--- START ---
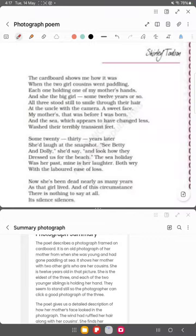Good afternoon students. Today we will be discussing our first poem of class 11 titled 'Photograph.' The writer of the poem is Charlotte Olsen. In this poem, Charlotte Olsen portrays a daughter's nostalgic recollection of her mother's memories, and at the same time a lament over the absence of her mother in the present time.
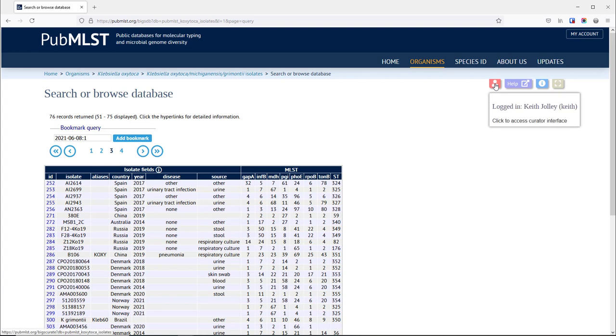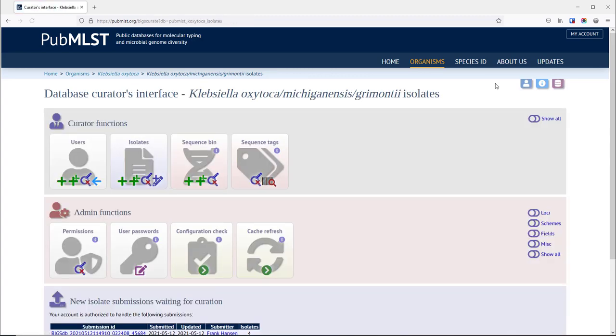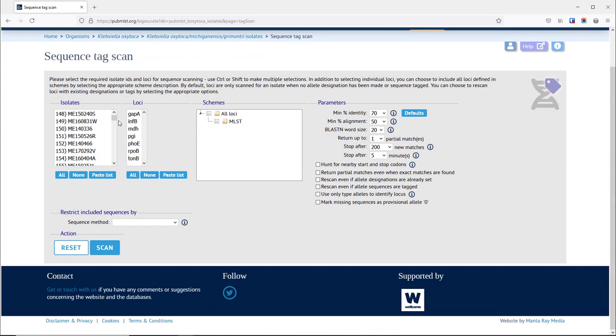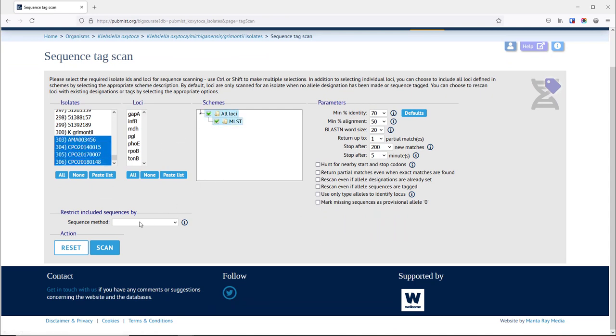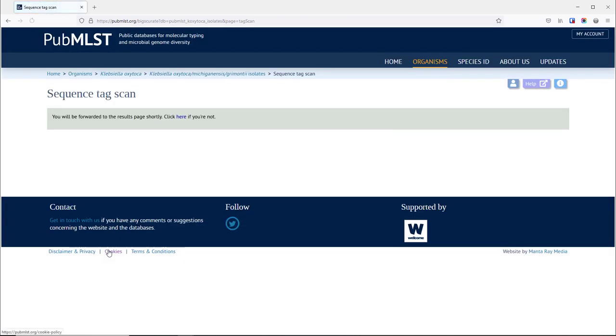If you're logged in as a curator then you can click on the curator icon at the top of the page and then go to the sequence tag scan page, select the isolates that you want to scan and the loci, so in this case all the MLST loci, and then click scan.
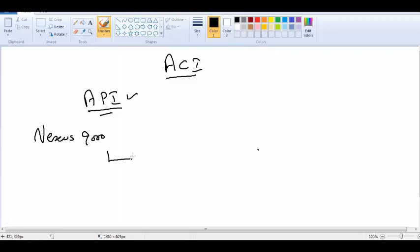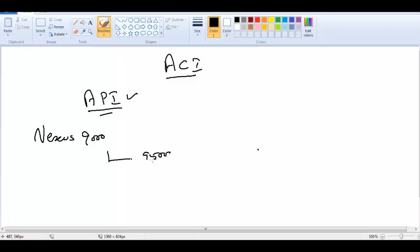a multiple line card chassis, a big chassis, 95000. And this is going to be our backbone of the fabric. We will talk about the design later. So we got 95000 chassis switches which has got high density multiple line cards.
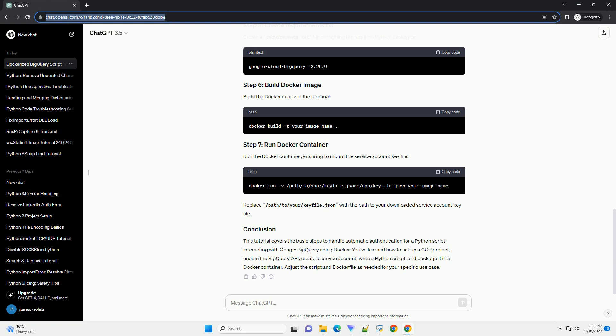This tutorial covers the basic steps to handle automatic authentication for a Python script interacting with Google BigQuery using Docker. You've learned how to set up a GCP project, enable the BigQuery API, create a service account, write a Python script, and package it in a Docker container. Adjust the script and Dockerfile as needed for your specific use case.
--- END ---
- **TASK STATEMENT**: Retype the lines above exactly as they appear, from the line containing "If you're logged" through the line containing "a multiple line", and leave out any pictures.

- **ANSWER AREA**:
If you're logged in as a curator then you can click on the curator icon at the top of the page and then go to the sequence tag scan page, select the isolates that you want to scan and the loci, so in this case all the MLST loci, and then click scan.
a multiple line card chassis, a big chassis, 95000. And this is going to be our backbone of the fabric. We will talk about the design later. So we got 95000 chassis switches which has got high density multiple line cards.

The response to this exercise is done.